筆者と同じくらいの年齢だという男性スタッフもまた、日本のあちこちで風俗関係の仕事に従事し、流浪の果てに土地勘などまったくないこの場所にやってきたのだという。
「ここでの生活は意外と楽しいんです。裏風俗だとか人身売買と言われても、まあそうですよね、という感じ。好きに書いてもらって構いませんが、あなたと私たちは違うんです。僕だって好きでこの仕事をしているわけではないし、それは彼女達だってそうでしょう。法には触れていても、誰かに迷惑をかけているわけじゃない」
彼女達の仕事は、日本の法律で認められないことばかりだ。観光ビザで入国して働き、許されている滞在期間も超えている。働いている店は風俗営業法の許可を得ていないし、そもそも、対価をもって性交することは違法だ。そんな場所で、ろくに外出もせずに働いているにも関わらず、彼女達は拍子抜けするほど普通だった。みずからの境遇を嘆くこともせず、携わっている仕事への罪悪感もないようだ。

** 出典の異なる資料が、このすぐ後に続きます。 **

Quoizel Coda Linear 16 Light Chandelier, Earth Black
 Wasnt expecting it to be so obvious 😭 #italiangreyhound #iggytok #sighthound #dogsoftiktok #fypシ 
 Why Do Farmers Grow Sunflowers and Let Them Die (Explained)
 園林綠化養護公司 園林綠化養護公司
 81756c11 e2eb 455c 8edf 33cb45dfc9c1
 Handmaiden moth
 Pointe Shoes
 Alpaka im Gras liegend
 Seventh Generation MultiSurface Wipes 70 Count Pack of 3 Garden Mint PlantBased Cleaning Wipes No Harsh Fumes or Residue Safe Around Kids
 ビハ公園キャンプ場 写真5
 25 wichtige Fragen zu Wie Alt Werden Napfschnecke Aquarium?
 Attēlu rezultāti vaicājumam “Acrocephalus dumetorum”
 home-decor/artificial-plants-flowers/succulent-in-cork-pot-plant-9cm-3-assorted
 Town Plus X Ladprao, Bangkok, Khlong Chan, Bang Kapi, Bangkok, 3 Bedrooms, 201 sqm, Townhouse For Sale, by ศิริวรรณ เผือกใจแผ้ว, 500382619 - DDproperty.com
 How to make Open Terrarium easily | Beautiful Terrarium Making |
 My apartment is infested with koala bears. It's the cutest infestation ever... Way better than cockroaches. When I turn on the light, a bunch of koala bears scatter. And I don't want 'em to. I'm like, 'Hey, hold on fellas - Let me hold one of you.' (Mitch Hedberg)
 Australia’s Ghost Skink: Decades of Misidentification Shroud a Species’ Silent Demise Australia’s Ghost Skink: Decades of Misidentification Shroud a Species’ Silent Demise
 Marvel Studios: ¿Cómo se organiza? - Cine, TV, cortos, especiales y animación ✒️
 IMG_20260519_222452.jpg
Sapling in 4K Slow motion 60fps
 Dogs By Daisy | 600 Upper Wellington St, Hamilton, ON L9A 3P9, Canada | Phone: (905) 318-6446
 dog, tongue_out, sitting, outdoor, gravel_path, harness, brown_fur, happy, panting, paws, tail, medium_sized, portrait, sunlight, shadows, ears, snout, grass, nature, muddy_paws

それはこの部屋を利用する利用客も同様だ。表向きは「メンズエステ店」として、ホームページまで開設し客を募っているが、ネット掲示板などをチェックすると「中国人と行為が可能」といった書き込みがすぐに見つかった。中国人女性の誰にいくらチップを渡せば、何が可能かなどといった具体的な書き込みも散見され、客側も「違法」であることを認識しつつも、この店を利用している向きがある。そして、こうした店舗は日本のあらゆる都市に点在し、日本人女性が働く風俗店に比べ半額程度で利用できることから、日本人男性の利用者が後を絶たない。摘発しても、需要がある限りは必ず供給も延々に行われ続け、違法店が”常態化”してしまえば、利用者はそこに罪悪感を抱く理由がなくなってしまう。
彼女たちには、月に一度、部屋の管理者からの男性から、仕事の報酬として現金が手渡しされる。相手にした客の数にもよるが、全員が二十数万の収入を得ている。半分以上を母国に送金し、残った金で化粧品や衣服を買う。その”送金”も、管理者の男性が担ってくれるという。
また、ハナさんらは、完全にプライベートがない状態の下、24時間365日の”監視下”に置かれているが、体を売って逃げ出さなければ、確実に収入を得ることができる。中国国内や諸外国では、客や雇い主に騙され、言いくるめられて収入をかすめ取られたり減額されたりすることが常だというから、今の監視システムは、苦痛というよりも”安心”とすら、受け止めているような向きもある。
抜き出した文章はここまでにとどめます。